● **What the task asks**
What you copy should be the lines from the one with "百余名犬会展选美 忙扮靓练站姿操佳态争冠军" through the end of the entries, word for word. Omit the pictures.
* * * *
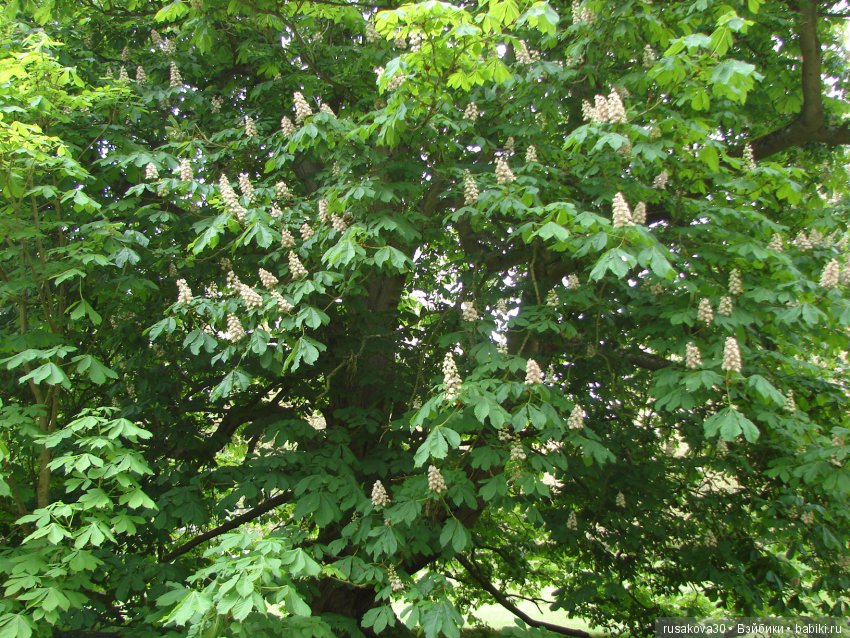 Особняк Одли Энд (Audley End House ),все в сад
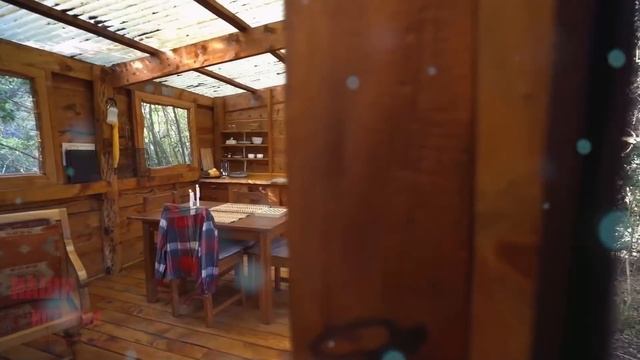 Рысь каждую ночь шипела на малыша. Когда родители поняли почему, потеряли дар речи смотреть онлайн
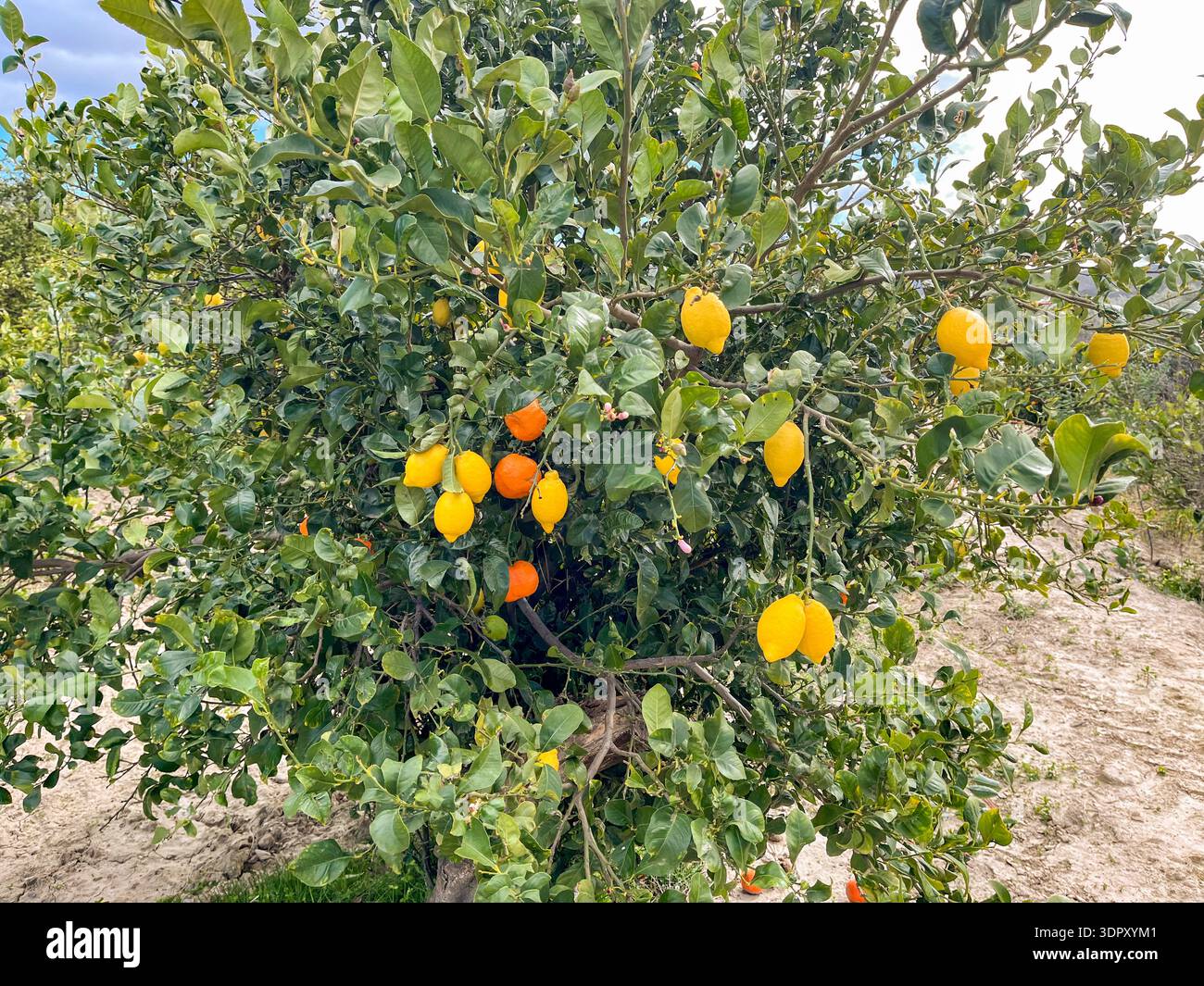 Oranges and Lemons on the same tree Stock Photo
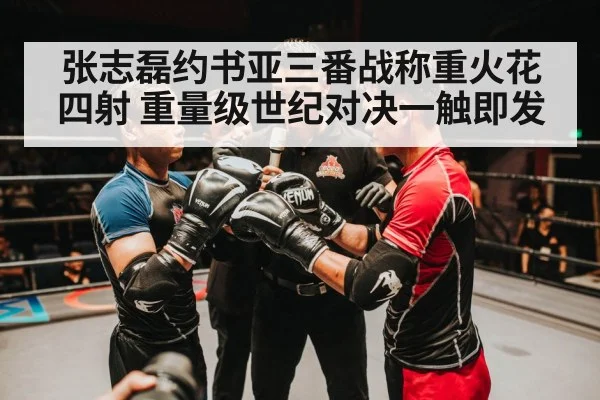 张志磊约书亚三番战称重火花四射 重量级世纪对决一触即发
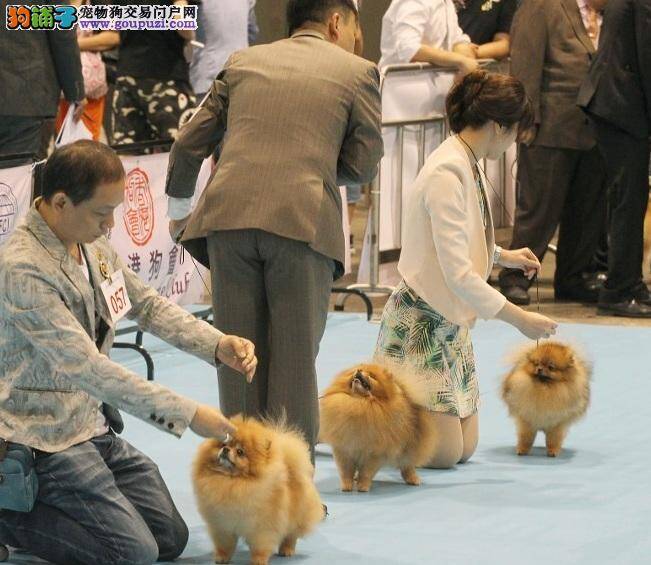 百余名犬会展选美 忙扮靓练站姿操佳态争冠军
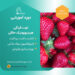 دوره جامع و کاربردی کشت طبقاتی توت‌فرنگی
* * * *
● **Exercise answer**
 百余名犬会展选美 忙扮靓练站姿操佳态争冠军
 دوره جامع و کاربردی کشت طبقاتی توت‌فرنگی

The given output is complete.